A faithful, word-for-word copy of the records is required, and it must contain no pictures.
--- STORED DATA Enclosed Below ---
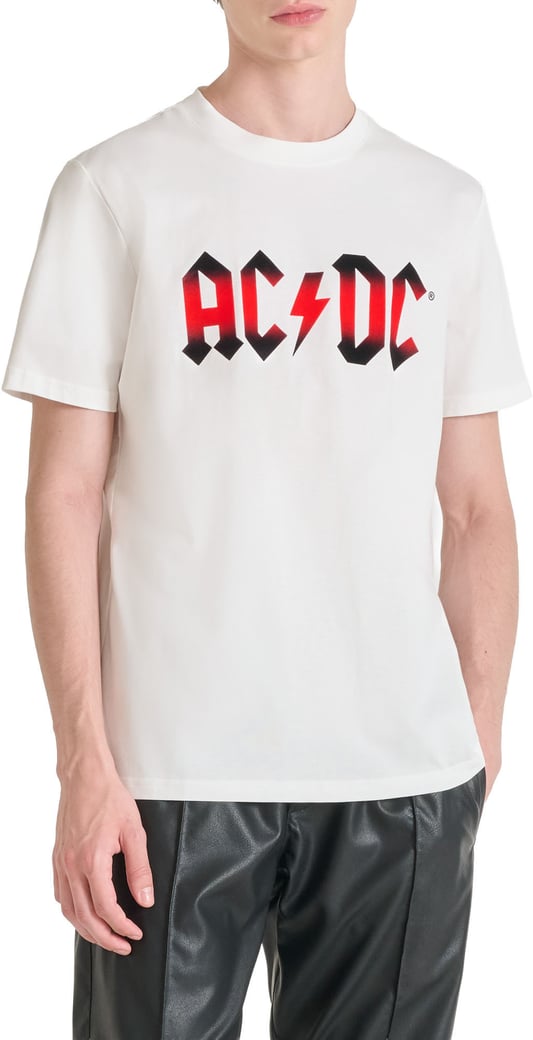 T-SHIRT REGULAR FIT IN JERSEY COTTON FABRIC WITH FLOCK PRINT
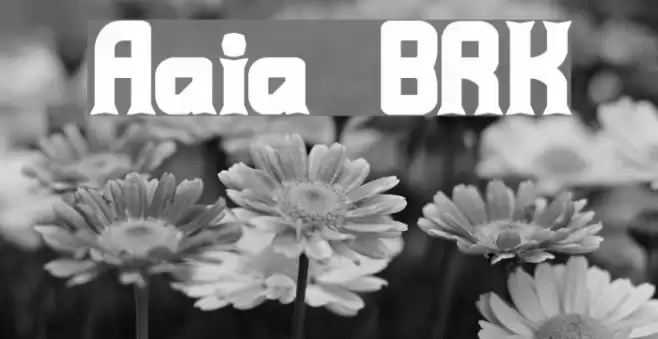 Ataxia [BRK] Font examples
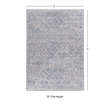 Linon Eclipse Dharma Woven Polyester 5'x7' Rug in Gray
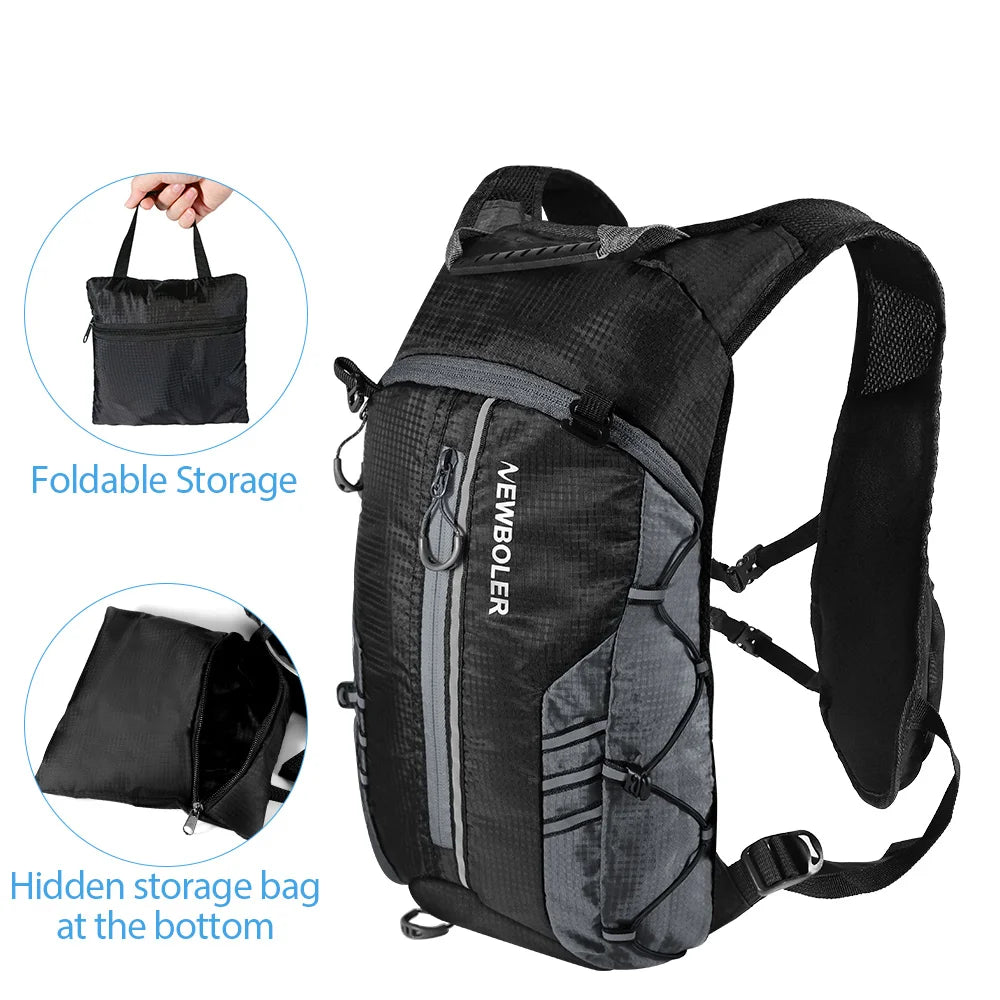 Running Backpack Vest With Water Bottle Hydration Bag, Lightweight Bicycle Running, Jogging, Marathon Riding, Hiking Bag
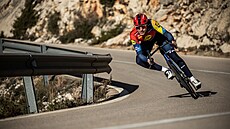 �eský cyklista Mathias Vacek.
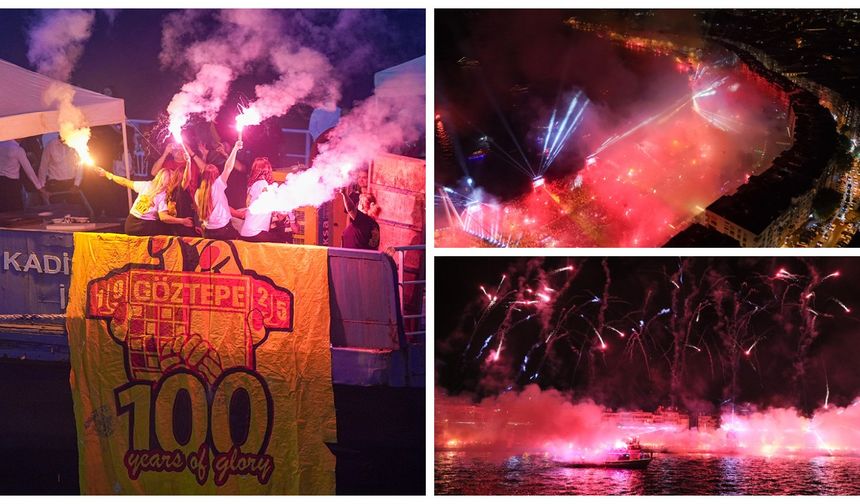 İzmir'de gece gündüze döndü: Göztepe 100. yaşını kutladı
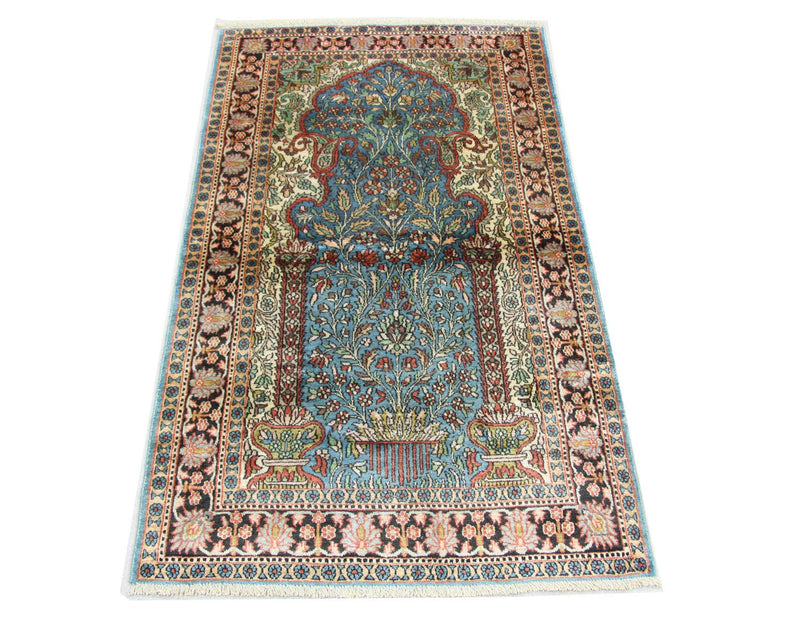 Kašmírské hedvábí Koberec 90x156cm - Orientální koberec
--- End of Enclosed STORED DATA ---
OUTPUT OF THE TASK:
 T-SHIRT REGULAR FIT IN JERSEY COTTON FABRIC WITH FLOCK PRINT
 Ataxia [BRK] Font examples
 Linon Eclipse Dharma Woven Polyester 5'x7' Rug in Gray
 Running Backpack Vest With Water Bottle Hydration Bag, Lightweight Bicycle Running, Jogging, Marathon Riding, Hiking Bag
 �eský cyklista Mathias Vacek.
 İzmir'de gece gündüze döndü: Göztepe 100. yaşını kutladı
 Kašmírské hedvábí Koberec 90x156cm - Orientální koberec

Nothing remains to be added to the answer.